What can go wrong? One of the most obvious is to have the barrels/optics become misaligned. Coatings can become scratched and/or get scrubbed off by enthusiastic, but perhaps poorly informed, cleaning tactics. Lenses can be cracked, chipped, or become off-centered. Barrels can be dented. Humidity can creep inside and promote the growth of fungus on glass surfaces. If humidity can get inside, it surely won't be long before dust also gets in and then larger particles of dirt may follow. The central focus adjustment, which was smooth and easy to use when new, can become stiff and unyielding.

Waterproofing can take care of the humidity, dust, and dirt getting inside for a significant time, but it will eventually yield to age and do its job less well than it originally did. Which design has better waterproofing? The roof prism design, with its internal focus adjustment, lends itself to better waterproofing than the Porro prism design and should likely be your top choice for pelagic observations.

While rubberized armoring lasts a long time, it should not be expected to last forever. It will become less resilient with age and use. In all probability, however, the good feel it provides when you grasp and use the instrument will last even as the resiliency is fading.

Budgetary Considerations

Unfortunately, of the hundreds or thousands of binoculars offered for sale in the marketplace, the majority are unsuitable as bird watching binoculars. The quality of the glass, the workmanship, the quality of the coatings (if any) are simply such that they either don't provide a sufficiently clear, contrasted image or (perhaps "and") they will lead to eyestrain and headaches, not to mention frustration(!) for the birder.

Inexpensive instruments, whether or not they're sold as bird watching binoculars, deliver fuzzy, distorted images. The manufacturing shortcuts used to achieve the low price usually result in disappointing field performance and the early death of your birding instrument.

Austrians Using Binoculars

It's been our experience that binoculars which regularly retail for less than US$100 typically have inferior optics and construction. They don't provide much satisfaction for their price. If you get up into the US$200 and more range, you're getting into bird watching binoculars that will provide a good, usable view and have a reasonably durable construction.

For budgeting purposes, our counsel has ever been to simply research the available binoculars and buy the very best you can possibly afford. It may seem hard to believe, but optics actually is one of those few areas where a higher price usually really does mean higher quality.

Are you like we were when we bought our first binocular? We researched what was available carefully.
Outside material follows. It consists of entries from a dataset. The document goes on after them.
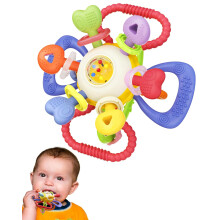 Baby Silicone Teething Rattle Toy BPA-Free Multi-Functional for 0-12 Months - Sensory Vibrant Design for Teething Relief & Play, Unisex for Boys & Gir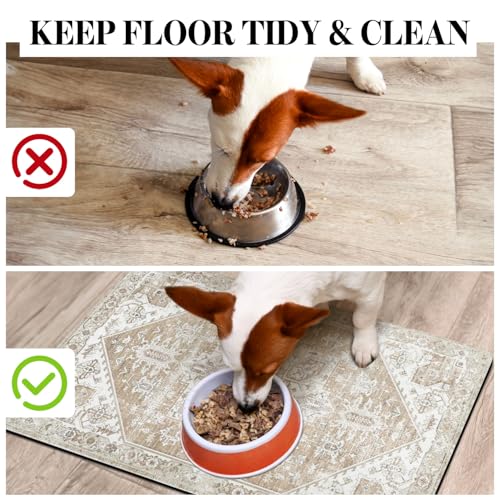 Dog Food Mats for Floors, Absorbent Dog Bowl Mat for Food and Water Dispenser Mat, Quick Dry Cat Food Mat Pet Supplies - color: Beige, size: S(12"×20")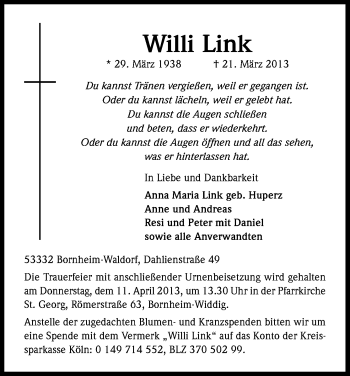 Anzeige von Willi Link von Kölner Stadt-Anzeiger / Kölnische Rundschau / Express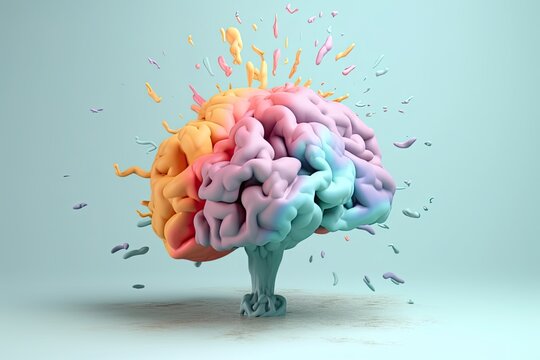 3D illustration, human brain exploding in colours, Ai Generative.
We selected an instrument that was beyond our financial ability and we saved until we were able to afford it. Its lenses were on the cutting edge of optical technology at that time. Was it worth the scrimping and saving? You'd better believe it! That binocular provided us with untold hours of enjoyment and still gets used regularly!

Especially if you're considering your second or third bird watching binoculars, you may wish to ask your insurance agent to extend your homeowners' or renters' policy to specifically cover your bird watching binoculars and other optical instruments against theft, damage, or in case you should lose them.